David poked the screen of his tablet and glanced casually at the advert that popped up beneath his fingertip. “Oh look,” he said to Jennifer, “there’s a quilting exhibition on at the Function Centre. Do you want to go?”

“Yes please,” said Jennifer, “that sounds like fun. Maybe some of the quilts will be for sale. We really need a new bedspread. The nights are starting to get quite cold.”

And so it was agreed.

* * * *

The quilts hanging on the walls were quite magnificent. Some were large, some were small, all of them blazed brightly. Some consisted of multi-coloured abstract shapes that glowed symmetrically like a view through a kaleidoscope. Others had their patterns less rigidly arranged and so gave the impression of a Jackson Pollock painting or a Picasso collage. And some of the quilts showed marvellously detailed pictures which made them look more like tapestries than quilts.

“I like this one,” said Jennifer gazing at one of the more abstract offerings. “It’s just the right size for the bed and I love the bright patterns.”

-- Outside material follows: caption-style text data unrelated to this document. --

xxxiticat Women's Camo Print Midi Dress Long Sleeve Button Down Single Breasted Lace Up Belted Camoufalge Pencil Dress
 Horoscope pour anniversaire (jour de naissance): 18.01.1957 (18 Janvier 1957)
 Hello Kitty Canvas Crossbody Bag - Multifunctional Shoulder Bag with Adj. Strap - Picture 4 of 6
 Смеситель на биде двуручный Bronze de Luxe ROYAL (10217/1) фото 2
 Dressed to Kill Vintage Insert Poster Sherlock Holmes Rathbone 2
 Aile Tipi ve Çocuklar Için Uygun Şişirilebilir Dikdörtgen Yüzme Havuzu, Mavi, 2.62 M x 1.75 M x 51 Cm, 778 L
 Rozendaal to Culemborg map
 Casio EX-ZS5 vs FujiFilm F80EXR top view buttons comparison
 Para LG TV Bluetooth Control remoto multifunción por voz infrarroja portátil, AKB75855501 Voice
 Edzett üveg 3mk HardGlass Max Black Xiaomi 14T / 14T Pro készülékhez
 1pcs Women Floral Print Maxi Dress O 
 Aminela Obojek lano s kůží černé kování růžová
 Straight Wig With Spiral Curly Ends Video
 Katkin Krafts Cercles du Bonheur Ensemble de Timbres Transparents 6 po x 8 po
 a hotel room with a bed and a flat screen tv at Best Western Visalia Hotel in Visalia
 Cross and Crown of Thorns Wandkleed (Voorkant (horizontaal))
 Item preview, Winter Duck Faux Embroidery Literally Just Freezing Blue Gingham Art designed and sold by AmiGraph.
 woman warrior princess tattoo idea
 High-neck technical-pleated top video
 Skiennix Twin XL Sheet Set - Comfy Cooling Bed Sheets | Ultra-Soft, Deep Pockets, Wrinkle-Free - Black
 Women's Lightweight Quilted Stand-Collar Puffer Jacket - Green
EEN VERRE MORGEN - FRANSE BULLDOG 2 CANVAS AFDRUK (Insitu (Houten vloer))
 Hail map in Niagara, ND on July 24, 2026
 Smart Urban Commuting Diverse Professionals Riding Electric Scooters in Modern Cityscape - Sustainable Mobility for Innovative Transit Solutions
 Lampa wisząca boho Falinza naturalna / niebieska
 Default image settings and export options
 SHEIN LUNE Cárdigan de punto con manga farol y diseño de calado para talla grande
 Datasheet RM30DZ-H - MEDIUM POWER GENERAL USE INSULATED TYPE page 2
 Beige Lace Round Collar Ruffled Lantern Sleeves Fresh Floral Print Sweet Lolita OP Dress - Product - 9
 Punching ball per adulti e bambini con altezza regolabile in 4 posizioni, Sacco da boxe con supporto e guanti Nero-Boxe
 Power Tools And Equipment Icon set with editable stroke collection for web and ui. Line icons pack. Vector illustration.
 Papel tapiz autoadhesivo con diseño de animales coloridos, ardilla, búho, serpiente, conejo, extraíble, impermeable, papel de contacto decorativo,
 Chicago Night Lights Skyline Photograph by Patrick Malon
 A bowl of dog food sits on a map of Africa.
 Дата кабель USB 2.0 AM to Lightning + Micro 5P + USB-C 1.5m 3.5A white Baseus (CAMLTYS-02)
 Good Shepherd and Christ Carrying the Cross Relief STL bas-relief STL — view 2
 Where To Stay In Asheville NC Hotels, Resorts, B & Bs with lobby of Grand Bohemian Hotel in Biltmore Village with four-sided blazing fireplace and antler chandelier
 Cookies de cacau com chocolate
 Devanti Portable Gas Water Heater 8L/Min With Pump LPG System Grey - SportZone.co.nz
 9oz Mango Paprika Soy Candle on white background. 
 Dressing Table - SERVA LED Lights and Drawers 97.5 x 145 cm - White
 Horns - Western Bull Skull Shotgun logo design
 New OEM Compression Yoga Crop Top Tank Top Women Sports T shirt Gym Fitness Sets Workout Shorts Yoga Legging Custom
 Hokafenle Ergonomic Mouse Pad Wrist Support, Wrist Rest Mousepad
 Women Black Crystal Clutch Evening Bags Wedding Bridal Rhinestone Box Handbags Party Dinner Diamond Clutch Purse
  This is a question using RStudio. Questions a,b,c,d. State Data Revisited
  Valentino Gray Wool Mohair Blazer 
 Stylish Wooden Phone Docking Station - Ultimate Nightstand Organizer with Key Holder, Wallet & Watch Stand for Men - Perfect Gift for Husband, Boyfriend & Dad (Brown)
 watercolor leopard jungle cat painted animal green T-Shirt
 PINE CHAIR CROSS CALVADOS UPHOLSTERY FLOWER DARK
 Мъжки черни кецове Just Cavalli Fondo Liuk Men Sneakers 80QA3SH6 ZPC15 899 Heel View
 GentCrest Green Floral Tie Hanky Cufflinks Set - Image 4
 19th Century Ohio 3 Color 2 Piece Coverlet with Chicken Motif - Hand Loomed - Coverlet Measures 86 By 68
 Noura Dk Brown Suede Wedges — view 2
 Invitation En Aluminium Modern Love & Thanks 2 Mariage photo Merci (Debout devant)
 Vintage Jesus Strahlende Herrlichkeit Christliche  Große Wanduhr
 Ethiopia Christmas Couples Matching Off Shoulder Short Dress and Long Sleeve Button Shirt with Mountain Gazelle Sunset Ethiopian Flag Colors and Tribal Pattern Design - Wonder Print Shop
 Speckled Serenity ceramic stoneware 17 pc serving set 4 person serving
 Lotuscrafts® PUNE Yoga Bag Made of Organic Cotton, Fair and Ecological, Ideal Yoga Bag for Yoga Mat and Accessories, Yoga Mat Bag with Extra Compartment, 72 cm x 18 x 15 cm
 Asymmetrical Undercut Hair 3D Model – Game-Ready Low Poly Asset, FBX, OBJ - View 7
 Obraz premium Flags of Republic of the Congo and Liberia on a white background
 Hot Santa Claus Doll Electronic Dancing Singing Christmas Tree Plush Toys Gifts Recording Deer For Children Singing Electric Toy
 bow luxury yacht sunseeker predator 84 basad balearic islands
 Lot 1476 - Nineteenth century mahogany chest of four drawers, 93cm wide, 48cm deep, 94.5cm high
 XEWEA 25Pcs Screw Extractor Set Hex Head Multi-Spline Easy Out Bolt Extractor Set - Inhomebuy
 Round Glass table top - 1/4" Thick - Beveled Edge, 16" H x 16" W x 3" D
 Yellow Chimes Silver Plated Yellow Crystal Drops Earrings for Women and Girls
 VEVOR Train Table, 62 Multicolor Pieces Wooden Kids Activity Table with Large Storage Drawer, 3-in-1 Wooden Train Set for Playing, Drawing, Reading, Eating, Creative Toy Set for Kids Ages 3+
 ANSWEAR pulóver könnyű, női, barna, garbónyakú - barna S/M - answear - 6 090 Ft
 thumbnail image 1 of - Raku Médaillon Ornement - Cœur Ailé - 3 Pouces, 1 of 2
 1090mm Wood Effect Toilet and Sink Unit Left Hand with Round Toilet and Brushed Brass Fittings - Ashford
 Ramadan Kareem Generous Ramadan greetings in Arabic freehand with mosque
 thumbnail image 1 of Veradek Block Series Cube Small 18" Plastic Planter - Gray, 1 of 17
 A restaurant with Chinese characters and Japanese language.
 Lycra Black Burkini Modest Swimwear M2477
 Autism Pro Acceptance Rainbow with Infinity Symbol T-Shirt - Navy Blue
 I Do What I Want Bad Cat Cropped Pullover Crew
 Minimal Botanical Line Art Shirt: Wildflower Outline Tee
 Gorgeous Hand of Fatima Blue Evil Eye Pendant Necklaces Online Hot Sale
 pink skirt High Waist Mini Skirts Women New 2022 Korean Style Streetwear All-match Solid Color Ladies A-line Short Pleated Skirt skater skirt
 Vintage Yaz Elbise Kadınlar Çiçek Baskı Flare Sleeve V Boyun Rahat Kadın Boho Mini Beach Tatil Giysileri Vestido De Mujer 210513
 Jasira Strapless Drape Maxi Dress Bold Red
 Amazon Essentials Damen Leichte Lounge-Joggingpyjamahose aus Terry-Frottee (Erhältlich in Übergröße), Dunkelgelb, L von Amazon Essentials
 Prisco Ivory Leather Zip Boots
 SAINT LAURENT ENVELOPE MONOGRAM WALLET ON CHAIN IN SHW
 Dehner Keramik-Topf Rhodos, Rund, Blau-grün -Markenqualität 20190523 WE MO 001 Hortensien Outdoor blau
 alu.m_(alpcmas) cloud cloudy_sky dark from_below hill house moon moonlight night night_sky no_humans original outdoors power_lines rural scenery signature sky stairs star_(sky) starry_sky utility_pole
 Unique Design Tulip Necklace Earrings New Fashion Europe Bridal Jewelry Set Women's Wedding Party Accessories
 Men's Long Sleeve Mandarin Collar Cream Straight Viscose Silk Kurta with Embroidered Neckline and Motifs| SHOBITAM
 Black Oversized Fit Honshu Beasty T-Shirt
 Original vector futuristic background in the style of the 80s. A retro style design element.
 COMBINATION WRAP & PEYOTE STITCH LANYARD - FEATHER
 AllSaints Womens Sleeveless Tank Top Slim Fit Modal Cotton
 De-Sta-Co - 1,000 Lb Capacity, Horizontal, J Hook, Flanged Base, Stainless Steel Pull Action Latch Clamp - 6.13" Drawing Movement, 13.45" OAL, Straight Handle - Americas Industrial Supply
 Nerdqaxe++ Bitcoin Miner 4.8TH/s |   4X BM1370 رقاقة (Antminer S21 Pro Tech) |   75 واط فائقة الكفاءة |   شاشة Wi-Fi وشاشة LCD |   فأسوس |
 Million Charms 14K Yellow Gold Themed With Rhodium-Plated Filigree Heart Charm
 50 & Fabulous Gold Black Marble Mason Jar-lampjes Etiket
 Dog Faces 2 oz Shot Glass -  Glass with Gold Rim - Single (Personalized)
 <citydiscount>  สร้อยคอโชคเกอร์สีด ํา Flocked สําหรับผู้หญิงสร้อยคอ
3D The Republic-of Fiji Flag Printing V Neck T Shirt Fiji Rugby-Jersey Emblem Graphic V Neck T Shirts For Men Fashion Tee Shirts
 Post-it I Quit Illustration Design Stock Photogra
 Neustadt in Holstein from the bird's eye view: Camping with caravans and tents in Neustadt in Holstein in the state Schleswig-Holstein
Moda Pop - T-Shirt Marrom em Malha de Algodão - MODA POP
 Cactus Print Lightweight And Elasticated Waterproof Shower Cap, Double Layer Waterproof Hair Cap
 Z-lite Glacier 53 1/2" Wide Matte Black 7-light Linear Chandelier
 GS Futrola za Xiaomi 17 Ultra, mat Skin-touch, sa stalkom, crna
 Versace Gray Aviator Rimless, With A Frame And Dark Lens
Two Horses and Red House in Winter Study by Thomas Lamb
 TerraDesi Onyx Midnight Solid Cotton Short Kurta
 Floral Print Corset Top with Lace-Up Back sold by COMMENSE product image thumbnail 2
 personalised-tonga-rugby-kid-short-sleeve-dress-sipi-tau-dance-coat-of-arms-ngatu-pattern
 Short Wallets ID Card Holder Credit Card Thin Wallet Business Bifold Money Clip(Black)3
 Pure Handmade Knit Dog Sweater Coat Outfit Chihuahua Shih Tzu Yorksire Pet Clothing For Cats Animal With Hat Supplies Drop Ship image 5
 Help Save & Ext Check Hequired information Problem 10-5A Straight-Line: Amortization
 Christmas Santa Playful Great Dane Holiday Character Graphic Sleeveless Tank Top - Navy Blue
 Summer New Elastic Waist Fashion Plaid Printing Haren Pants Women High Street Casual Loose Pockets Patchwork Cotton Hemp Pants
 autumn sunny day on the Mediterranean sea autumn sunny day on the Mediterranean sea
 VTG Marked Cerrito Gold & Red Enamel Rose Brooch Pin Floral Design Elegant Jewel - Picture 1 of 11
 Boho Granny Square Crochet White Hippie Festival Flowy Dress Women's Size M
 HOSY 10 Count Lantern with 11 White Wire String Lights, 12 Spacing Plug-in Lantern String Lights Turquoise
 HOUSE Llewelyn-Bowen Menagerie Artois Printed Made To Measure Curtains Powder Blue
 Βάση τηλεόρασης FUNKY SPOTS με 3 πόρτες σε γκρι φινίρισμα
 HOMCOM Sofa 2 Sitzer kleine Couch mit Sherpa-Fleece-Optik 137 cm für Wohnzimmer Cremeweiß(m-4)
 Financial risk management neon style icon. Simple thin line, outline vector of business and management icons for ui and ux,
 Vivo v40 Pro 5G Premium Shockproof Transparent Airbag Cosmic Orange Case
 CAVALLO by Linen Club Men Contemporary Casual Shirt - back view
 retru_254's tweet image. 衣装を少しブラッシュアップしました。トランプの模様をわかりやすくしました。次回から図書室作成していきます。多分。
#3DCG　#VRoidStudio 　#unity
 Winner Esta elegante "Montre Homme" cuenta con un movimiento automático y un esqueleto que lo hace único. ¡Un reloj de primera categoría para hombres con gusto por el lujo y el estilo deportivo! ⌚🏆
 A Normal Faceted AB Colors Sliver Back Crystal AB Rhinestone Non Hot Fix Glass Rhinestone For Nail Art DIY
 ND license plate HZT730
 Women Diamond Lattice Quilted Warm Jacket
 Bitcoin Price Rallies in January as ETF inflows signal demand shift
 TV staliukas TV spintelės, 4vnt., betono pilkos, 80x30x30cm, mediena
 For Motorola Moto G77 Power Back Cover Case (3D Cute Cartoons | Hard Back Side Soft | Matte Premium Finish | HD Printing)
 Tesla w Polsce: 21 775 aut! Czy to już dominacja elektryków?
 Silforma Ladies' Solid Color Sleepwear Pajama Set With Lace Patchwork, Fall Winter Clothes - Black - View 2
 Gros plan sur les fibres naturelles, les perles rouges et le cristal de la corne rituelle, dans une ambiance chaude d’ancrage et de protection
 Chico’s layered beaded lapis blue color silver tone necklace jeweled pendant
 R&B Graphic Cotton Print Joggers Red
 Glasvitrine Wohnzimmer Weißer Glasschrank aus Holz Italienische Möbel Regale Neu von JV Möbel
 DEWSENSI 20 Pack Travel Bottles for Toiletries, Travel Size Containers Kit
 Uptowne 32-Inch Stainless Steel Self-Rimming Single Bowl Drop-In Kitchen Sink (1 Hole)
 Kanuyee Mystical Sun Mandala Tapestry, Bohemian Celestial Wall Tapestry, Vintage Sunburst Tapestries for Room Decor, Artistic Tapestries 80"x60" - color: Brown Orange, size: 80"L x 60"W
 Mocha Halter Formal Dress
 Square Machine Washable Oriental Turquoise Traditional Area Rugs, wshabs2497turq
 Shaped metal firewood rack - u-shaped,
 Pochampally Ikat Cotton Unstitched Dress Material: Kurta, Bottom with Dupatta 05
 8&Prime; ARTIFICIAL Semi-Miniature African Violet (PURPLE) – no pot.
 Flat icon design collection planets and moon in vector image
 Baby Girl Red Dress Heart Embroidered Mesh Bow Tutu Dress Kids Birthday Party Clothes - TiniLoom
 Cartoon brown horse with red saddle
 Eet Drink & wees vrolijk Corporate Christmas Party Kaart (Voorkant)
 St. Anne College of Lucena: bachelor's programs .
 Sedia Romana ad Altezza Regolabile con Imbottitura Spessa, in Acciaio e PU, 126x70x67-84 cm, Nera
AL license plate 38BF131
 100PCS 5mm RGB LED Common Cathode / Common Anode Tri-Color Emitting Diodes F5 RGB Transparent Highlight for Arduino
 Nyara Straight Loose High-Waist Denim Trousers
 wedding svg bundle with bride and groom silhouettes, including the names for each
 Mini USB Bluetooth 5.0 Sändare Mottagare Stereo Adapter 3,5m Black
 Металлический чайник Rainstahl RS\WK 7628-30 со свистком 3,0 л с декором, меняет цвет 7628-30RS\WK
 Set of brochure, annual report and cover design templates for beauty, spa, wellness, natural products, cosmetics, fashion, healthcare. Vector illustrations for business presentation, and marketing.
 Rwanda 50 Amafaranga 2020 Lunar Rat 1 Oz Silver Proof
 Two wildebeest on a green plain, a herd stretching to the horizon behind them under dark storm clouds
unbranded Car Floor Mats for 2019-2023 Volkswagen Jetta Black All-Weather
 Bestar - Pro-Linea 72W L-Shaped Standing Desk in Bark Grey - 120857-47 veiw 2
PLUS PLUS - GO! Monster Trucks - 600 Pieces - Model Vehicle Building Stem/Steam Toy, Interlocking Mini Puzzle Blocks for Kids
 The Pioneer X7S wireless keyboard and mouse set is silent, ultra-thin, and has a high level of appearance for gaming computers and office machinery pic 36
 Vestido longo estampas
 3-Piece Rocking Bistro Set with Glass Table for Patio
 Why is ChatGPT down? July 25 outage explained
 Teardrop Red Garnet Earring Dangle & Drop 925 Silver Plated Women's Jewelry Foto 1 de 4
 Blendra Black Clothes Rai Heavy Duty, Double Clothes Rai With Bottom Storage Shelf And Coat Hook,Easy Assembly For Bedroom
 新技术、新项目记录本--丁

“The shapes they make are interesting,” said David. “If you look at them a bit squinty eyed you can see different pictures in them. And the closer you look, the more the pictures change into other things.” He pointed vaguely to an area where a swirl of colour looped back upon itself. “At the moment I”ll swear that’s an image of a witch crouched over a very complicated sewing machine,” he said. “But if I turn my head slightly it looks like a saucepan instead.”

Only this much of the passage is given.